## Problem description
From the first line of the data through the line containing "Portable Blender 6", return each line exactly.

(Recorded data)
______

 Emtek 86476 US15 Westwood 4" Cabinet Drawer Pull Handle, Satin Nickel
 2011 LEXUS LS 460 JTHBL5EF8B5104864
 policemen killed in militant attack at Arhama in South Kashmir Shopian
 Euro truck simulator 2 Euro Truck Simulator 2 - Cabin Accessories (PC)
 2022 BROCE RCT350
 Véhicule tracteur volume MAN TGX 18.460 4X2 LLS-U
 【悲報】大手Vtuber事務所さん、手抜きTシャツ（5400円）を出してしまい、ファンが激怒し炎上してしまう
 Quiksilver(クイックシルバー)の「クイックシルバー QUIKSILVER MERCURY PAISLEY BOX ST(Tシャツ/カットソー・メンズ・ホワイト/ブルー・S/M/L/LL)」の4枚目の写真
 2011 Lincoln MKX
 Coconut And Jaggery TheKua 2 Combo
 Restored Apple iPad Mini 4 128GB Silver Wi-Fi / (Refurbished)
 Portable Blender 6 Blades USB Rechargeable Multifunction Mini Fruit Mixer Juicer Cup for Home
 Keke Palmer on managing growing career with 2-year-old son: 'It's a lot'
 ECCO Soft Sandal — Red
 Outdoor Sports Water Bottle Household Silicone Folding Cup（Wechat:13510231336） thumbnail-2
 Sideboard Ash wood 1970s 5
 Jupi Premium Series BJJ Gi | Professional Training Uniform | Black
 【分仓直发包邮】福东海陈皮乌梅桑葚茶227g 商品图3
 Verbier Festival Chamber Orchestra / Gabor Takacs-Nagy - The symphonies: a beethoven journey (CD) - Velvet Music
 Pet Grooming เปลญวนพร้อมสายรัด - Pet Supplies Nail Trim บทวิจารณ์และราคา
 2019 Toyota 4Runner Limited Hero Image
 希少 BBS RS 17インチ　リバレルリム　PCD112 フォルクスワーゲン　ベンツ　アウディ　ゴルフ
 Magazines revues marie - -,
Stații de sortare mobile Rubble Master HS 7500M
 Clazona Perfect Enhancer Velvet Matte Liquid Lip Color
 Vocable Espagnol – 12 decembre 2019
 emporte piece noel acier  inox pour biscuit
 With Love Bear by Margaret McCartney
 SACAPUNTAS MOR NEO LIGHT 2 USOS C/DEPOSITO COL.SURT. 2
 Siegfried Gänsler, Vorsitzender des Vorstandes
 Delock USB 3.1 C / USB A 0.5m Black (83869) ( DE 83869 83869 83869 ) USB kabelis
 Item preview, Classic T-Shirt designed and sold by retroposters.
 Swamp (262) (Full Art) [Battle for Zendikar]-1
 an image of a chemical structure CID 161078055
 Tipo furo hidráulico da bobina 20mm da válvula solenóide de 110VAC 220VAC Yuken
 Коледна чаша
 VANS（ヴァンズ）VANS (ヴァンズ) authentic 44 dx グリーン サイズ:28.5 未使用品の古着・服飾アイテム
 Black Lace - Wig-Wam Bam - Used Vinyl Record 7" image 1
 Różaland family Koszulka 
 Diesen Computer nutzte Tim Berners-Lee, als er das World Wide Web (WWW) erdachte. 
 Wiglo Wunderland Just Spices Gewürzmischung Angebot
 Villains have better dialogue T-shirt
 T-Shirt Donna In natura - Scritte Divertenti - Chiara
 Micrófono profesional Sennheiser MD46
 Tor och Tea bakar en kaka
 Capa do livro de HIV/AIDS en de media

______

## Problem solution
 Emtek 86476 US15 Westwood 4" Cabinet Drawer Pull Handle, Satin Nickel
 2011 LEXUS LS 460 JTHBL5EF8B5104864
 policemen killed in militant attack at Arhama in South Kashmir Shopian
 Euro truck simulator 2 Euro Truck Simulator 2 - Cabin Accessories (PC)
 2022 BROCE RCT350
 Véhicule tracteur volume MAN TGX 18.460 4X2 LLS-U
 【悲報】大手Vtuber事務所さん、手抜きTシャツ（5400円）を出してしまい、ファンが激怒し炎上してしまう
 Quiksilver(クイックシルバー)の「クイックシルバー QUIKSILVER MERCURY PAISLEY BOX ST(Tシャツ/カットソー・メンズ・ホワイト/ブルー・S/M/L/LL)」の4枚目の写真
 2011 Lincoln MKX
 Coconut And Jaggery TheKua 2 Combo
 Restored Apple iPad Mini 4 128GB Silver Wi-Fi / (Refurbished)
 Portable Blender 6 Blades USB Rechargeable Multifunction Mini Fruit Mixer Juicer Cup for Home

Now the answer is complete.